### What needs to be done
Lines with the word "modern" in them are the ones to copy from the records.

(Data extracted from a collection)
........

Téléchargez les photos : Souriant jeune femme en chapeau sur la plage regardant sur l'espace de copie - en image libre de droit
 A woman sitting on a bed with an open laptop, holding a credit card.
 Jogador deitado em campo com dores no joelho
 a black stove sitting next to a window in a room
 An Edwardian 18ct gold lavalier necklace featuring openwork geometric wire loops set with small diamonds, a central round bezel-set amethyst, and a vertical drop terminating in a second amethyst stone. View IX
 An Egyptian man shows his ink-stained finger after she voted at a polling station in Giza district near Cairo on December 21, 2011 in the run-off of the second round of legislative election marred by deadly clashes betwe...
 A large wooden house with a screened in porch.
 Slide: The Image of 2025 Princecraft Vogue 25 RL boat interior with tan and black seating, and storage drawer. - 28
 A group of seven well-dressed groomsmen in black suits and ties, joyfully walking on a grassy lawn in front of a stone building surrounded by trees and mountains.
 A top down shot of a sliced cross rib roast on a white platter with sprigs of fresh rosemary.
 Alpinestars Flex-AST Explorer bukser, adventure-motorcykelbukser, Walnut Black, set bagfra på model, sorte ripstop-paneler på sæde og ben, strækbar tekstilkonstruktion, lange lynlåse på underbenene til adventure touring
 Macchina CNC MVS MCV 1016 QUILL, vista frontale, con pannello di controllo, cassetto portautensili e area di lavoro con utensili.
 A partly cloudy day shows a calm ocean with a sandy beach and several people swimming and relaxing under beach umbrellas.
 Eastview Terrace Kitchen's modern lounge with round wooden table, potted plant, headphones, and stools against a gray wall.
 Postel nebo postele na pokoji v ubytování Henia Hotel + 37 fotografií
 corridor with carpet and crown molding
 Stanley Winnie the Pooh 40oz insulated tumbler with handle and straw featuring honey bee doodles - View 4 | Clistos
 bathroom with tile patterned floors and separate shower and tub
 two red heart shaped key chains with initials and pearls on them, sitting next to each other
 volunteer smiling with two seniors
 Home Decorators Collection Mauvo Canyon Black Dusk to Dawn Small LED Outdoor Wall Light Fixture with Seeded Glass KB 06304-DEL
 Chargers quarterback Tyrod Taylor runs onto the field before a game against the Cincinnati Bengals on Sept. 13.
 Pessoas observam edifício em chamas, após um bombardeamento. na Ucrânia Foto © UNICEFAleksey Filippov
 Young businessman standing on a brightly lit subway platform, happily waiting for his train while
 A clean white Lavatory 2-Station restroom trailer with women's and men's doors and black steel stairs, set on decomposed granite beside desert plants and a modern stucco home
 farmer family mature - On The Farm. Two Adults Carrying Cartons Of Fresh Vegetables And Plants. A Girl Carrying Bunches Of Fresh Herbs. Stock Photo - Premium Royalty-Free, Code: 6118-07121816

........

### Response for this exercise
 Eastview Terrace Kitchen's modern lounge with round wooden table, potted plant, headphones, and stools against a gray wall.
 A clean white Lavatory 2-Station restroom trailer with women's and men's doors and black steel stairs, set on decomposed granite beside desert plants and a modern stucco home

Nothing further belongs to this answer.